ESA calls for planning system to be aligned with Circular Economy

Written by: Editorial staff | Published:
Shanks' MBT facility in East London

The Environmental Services Association has set out a number of recommendations to bring parity between the planning system with the strategic objectives of the Circular Economy.

According to the ESA, there is significant scope to improve the planning culture within many local authorities to give the industry the flexibility it needs to adapt to the new, sustainable business models shaped by the Circular Economy.

ESA’s new report, Planning for a Circular Economy outlines aspects of the planning regime which it said can often frustrate the industry’s efforts towards this aim.

The report says: "While we are not advocating a complete overhaul of the system, clearly a more responsive planning system is needed to ensure that the economic and environmental benefits of the new Circular Economy are not missed."

Among its recommendations, the report suggests:

  • a more integrated approach to waste and energy policy. Local plans should include robust policies to support the UK’s transition to a largely decarbonised heat sector. In practice, this should allow for sufficient provision (or sites) for energy from waste (EfW) within local plans which maximise the potential for use of heat through combined heat and power. Doing so will maximise heat offtake and therefore improve the environmental benefits of EfW
  • planning authorities should seek to engage developers on draft conditions attached to planning consent prior to submission to planning committee. This would help to firstly identify and then address those conditions which might unreasonably impact on the operational use or commercial viability of waste management development
  • a shift in planning culture should aim to help planners shrug off the strict “control regime” of the “landfill era” and instead recognise the transition in the waste and recycling industry.
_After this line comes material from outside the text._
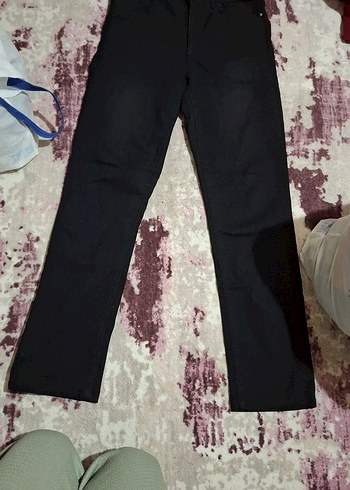 LC Waikiki Lcw Siyah Denim Jean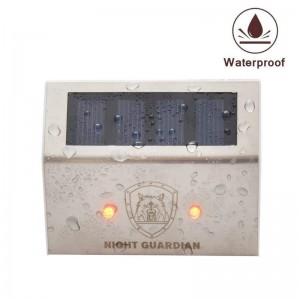 ソーラーレッドレッドプロLED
Modern recycling facilities now tend to resemble “mainstream” industrial and logistics operations and should not face any additional operational restrictions through planning consent than other, similar industries
  • policies designed to encourage housing supply should be sympathetic to the requirements of operational waste management development, and sites allocated for waste development.

ESA’s policy advisor, Stephen Freeland said: "Many local authorities need to let go of the strict control culture that has prevailed in one form or another since the 'landfill era' and instead adopt a more responsive approach to planning for waste management which better recognises the variable and dynamic nature of the space in which our industry now operates. Our industry increasingly resembles that of any other logistics business with materials moved around as markets dictate.

"Few other sectors face the same planning and political obsession about the origin of material or commodities, and where these should be transported to. To hamstring the resource and waste management industry in such a way will likely hamper investment and progress towards the objectives of the Circular Economy," added Freehand.